# Multivariable Linear Regression Model Training Using Momentum-based and Vanilla GD with Batch/mini-Batch/Stochastic Variants:
## Please read and follow the instructions very carefully (Good Luck).
### In this task you should implement a mini-batch momentum based gradient descent optimizer to train a multivariable linear regression model.
### Your optimizer should be able to work as Stochastic/mini-batch/Batch by just adjusting mini-batch size without any code modification.
### Your optimizer should also work as GD without momentum by adjusting the hyperparameter value (think how?) without any code modification.
### Make your implementation as a function.
### The function should return the model hyperparameters and required output for plotting the learning curves.
### Data shuffle and adding the first bias feature (containig ones) must be berformed inside the function.
### The optimizer must be able to deal with any mini-batch size.
### Maximum number of epochs must be stated in order to avoid infinite loop.
### Gradient check and cost convergence check stop criterias must be implemented.
### You must plot the following learning curves:
#### - Loss vs. iterations (not Epoch).
#### - Loss vs. theta0, loss vs. theta1, loss vs. theta2.
### You must evaluate your model using r2_score metrics and achieve at least 0.8 score in any scenario of your choice and plot all the learning curves.
### You must run (at least) the following scenarios and show results and learning curves for each scenario (Do not do new implementation for each scenario. Use your implemenation and change input parameter values of the function):
#### - Momentum based with mini-batch size of your choice.
#### - Momentum based with Stochastic Gradient Descent.
#### - Momentum based with Batch Gradient Descent.
#### - Vanilla GD with mini-batch size of your choice.
#### - Vanilla GD with Stochastic Gradient Descent.
#### - Vanilla GD with Batch Gradient Descent.
#### - Any scenario with mini-batch size 32.
### You must use vectorize implementation. i.e., you should not have only two loops one for epochs and one for iterations (Only optimizer's loops).
### Your function should take the following inputs:
#### Input features, target label, learning rate, momentum term, mini-batch size, max number of epochs, gradient check tolerence, cost convergence check tolerence, and any other argument you think useful.
### The function should initialize the model parameters to zeros.
### Generate a regression data with two input features and 500 observations (You can see a sample code below for data generation. feel free to change any of the values to btain your own data to achieve the required score).

In [1]:
import numpy as np
import pandas as pd

# Generate random data
np.random.seed(42) 

# Create 500 records
n_samples = 500

# Independent variables (features)
x1 = np.random.uniform(low=2.0, high=5.0, size=n_samples)
x2 = np.random.uniform(low=4.0, high=8.0, size=n_samples)

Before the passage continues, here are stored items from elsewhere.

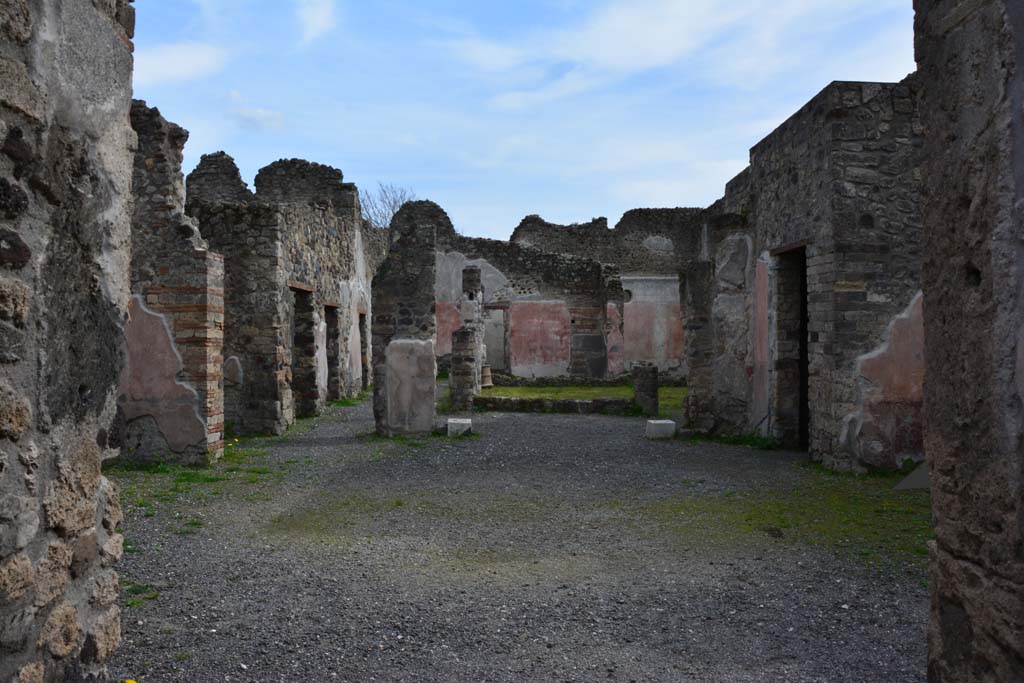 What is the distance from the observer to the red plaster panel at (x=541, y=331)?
66.8 feet

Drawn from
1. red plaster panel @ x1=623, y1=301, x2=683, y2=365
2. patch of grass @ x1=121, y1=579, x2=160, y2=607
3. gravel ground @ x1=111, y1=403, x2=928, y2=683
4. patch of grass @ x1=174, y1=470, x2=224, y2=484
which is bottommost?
gravel ground @ x1=111, y1=403, x2=928, y2=683

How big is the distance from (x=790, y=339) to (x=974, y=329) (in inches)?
278

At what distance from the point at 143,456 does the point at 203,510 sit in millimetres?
2318

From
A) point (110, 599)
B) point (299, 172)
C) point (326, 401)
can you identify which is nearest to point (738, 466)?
point (110, 599)

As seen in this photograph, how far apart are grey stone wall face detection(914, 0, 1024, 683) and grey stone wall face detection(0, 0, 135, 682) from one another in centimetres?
247

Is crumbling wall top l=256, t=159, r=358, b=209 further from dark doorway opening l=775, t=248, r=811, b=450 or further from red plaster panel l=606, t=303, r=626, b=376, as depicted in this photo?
dark doorway opening l=775, t=248, r=811, b=450

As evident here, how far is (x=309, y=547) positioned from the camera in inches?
194

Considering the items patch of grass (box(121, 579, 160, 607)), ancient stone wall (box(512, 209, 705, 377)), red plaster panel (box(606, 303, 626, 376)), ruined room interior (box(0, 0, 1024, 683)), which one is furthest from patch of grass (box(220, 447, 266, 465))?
ancient stone wall (box(512, 209, 705, 377))

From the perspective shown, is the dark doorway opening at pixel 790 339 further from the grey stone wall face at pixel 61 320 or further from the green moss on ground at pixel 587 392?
the grey stone wall face at pixel 61 320

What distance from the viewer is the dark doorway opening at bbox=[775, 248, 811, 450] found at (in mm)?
8859

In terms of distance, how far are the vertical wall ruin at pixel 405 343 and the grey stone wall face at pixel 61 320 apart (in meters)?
7.37

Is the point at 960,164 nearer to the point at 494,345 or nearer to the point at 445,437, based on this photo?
the point at 445,437

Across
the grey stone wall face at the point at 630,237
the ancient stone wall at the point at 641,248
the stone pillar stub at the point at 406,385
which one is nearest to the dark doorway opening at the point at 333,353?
the stone pillar stub at the point at 406,385

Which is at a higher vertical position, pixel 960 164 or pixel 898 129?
pixel 898 129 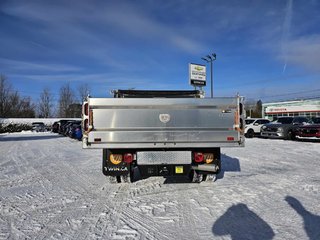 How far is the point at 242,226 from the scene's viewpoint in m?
4.23

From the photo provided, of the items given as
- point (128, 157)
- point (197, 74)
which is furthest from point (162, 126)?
point (197, 74)

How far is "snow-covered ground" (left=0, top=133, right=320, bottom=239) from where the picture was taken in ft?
13.3

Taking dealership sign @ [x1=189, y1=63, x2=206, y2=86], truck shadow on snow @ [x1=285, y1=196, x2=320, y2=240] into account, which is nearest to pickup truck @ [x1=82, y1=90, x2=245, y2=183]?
truck shadow on snow @ [x1=285, y1=196, x2=320, y2=240]

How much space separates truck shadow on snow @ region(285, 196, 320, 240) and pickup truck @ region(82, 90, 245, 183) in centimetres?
145

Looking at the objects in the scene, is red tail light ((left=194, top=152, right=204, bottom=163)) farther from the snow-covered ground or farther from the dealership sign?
the dealership sign

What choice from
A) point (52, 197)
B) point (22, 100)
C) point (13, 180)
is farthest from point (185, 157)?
point (22, 100)

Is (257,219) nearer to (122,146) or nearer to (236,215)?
(236,215)

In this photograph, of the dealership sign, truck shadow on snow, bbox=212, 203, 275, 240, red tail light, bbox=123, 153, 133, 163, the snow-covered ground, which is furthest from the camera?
the dealership sign

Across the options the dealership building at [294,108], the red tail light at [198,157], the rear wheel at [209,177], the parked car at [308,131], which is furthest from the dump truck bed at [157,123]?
the dealership building at [294,108]

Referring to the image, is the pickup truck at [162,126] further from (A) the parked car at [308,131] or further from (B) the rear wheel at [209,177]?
(A) the parked car at [308,131]

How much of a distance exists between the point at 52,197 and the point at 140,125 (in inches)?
90.8

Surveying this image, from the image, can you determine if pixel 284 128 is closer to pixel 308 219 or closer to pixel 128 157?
pixel 128 157

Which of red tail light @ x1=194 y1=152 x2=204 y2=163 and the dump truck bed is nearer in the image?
the dump truck bed

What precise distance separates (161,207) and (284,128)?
17999 mm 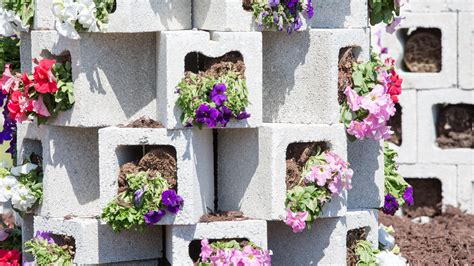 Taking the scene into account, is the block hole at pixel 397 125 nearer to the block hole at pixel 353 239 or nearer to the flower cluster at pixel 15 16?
the block hole at pixel 353 239

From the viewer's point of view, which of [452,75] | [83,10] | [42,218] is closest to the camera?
[83,10]

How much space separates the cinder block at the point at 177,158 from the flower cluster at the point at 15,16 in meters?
0.72

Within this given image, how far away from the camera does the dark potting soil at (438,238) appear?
7.20 metres

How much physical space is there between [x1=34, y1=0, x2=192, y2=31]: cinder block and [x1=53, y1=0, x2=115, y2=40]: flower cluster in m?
0.04

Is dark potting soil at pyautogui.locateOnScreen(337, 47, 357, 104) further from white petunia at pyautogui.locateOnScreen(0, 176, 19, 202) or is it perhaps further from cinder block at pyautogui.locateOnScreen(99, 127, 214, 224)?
white petunia at pyautogui.locateOnScreen(0, 176, 19, 202)

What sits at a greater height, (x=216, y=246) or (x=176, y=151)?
(x=176, y=151)

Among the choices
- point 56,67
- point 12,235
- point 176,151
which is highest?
point 56,67

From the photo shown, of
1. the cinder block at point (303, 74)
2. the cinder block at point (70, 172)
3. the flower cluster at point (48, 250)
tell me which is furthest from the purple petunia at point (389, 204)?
the flower cluster at point (48, 250)

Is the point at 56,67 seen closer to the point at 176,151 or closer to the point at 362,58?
the point at 176,151

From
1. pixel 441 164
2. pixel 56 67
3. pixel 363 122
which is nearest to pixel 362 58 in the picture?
pixel 363 122

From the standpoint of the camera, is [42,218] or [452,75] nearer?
[42,218]

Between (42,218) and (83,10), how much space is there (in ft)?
3.35

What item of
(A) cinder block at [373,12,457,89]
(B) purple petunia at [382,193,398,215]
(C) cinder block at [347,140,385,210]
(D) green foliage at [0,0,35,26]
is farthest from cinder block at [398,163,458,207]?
(D) green foliage at [0,0,35,26]

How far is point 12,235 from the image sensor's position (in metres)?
6.61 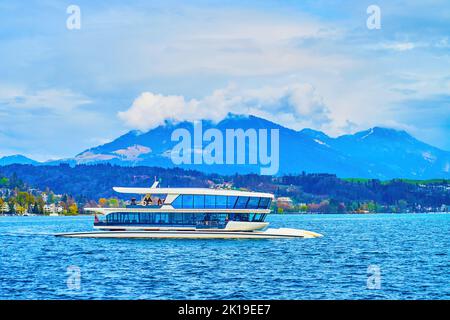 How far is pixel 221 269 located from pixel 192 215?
29.5 metres

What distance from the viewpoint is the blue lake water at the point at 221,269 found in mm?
54750

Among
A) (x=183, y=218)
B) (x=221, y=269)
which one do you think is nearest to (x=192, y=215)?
(x=183, y=218)

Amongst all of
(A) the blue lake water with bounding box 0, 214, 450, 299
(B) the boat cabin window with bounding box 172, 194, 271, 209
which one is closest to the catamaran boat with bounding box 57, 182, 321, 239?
(B) the boat cabin window with bounding box 172, 194, 271, 209

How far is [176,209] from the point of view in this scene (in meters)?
96.3

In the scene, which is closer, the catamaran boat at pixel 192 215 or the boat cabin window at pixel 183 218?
the catamaran boat at pixel 192 215

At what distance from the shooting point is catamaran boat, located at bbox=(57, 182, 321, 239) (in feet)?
316

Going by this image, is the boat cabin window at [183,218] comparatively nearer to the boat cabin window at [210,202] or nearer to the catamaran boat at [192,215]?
the catamaran boat at [192,215]

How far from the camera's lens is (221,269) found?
67.5 m

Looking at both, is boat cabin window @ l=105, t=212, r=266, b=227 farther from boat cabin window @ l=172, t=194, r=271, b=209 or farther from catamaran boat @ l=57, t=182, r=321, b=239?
boat cabin window @ l=172, t=194, r=271, b=209

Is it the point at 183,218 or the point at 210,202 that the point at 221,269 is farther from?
the point at 183,218

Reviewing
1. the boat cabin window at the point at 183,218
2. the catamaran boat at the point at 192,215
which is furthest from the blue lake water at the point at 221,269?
the boat cabin window at the point at 183,218

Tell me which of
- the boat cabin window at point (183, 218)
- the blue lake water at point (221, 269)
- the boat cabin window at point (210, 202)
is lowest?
the blue lake water at point (221, 269)

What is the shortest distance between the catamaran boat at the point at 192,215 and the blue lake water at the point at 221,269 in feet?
6.72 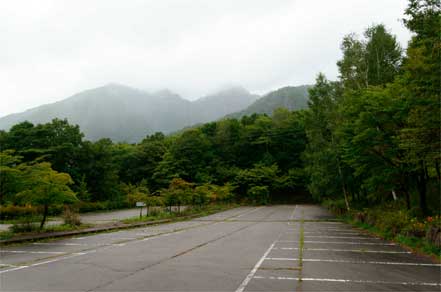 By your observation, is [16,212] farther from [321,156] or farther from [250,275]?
[250,275]

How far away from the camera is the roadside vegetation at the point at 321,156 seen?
1152cm

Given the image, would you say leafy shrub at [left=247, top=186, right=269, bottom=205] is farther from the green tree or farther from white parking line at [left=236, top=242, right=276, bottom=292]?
white parking line at [left=236, top=242, right=276, bottom=292]

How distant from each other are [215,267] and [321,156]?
21546 millimetres

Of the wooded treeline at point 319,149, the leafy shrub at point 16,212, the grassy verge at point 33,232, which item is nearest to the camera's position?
the wooded treeline at point 319,149

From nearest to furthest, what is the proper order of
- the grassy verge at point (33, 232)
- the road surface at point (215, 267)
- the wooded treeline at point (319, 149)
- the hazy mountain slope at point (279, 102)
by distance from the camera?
the road surface at point (215, 267), the wooded treeline at point (319, 149), the grassy verge at point (33, 232), the hazy mountain slope at point (279, 102)

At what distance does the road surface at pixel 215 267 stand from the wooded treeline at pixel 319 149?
4391 millimetres

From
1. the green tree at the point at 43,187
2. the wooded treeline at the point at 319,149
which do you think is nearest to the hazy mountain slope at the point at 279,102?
the wooded treeline at the point at 319,149

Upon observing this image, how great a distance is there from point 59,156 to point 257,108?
302 feet

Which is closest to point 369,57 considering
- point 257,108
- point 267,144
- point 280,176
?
point 280,176

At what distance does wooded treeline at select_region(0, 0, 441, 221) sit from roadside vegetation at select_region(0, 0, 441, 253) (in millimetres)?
77

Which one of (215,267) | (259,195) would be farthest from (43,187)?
(259,195)

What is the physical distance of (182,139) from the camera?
65.8m

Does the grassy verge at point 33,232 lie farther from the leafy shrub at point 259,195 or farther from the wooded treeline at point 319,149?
the leafy shrub at point 259,195

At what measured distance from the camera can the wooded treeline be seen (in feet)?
37.8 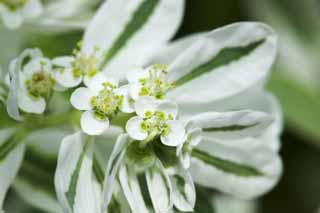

# Dependent variable (target)
y = 1000 + 50 * x1 - 30 * x2 + np.random.normal(loc=0, scale=10, size=n_samples)

# Create a DataFrame
data = {
    'x1': x1,
    'x2': x2,
    'y': y
}

df = pd.DataFrame(data)

df.head()  


Unnamed: 0,x1,x2,y
0,3.12362,6.792647,954.178622
1,4.852143,6.144385,1044.922138
2,4.195982,5.23811,1056.457756
3,3.795975,7.25518,978.249228
4,2.468056,6.738925,926.83296


# Your submission must be in .ipynb file format that contains all results and curves.
# Do not submit any link for a notebook.
# Do not forget to klick on Hand In after uploading your file.
# Good Luck

In [2]:
import numpy as np
import pandas as pd
import matplotlib.pyplot as plt
from sklearn.metrics import r2_score
%matplotlib inline

In [3]:
Data=np.hstack((np.ones((df.shape[0], 1)),df))
np.random.shuffle(Data)
Data

array([[1.00000000e+00, 2.25604239e+00, 7.68999752e+00, 8.90604411e+02],
       [1.00000000e+00, 2.28332888e+00, 6.57599817e+00, 9.10496881e+02],
       [1.00000000e+00, 3.15830791e+00, 6.23856133e+00, 9.70914346e+02],
       ...,
       [1.00000000e+00, 2.35645375e+00, 6.95213447e+00, 9.25542620e+02],
       [1.00000000e+00, 4.43034018e+00, 7.38580917e+00, 1.00390077e+03],
       [1.00000000e+00, 3.10334940e+00, 5.42438690e+00, 9.79632819e+02]])

In [4]:
features=Data[:,:-1]
y_true=Data[:,-1]

Input features, target label, learning rate, momentum term, mini-batch size, max number of epochs, gradient check tolerence, cost convergence check tolerence

In [None]:
def Momentum_Based_Multi_Variable_GD(X, y, learning_rate, momentum_term,batch_size, beta,max_epoch,gradient_tolerence,convergence_tolerence):
    all_costs = []
    all_theta = []
    # Initialize theta vector with zeros
    thetas = np.zeros((X.shape[1], 1))
    # Initialize velocity vector with zeros
    v_t = np.zeros((X.shape[1], 1))
    
    

    for i in range(max_iter):
        print(f"****************Iteration {i}*******************")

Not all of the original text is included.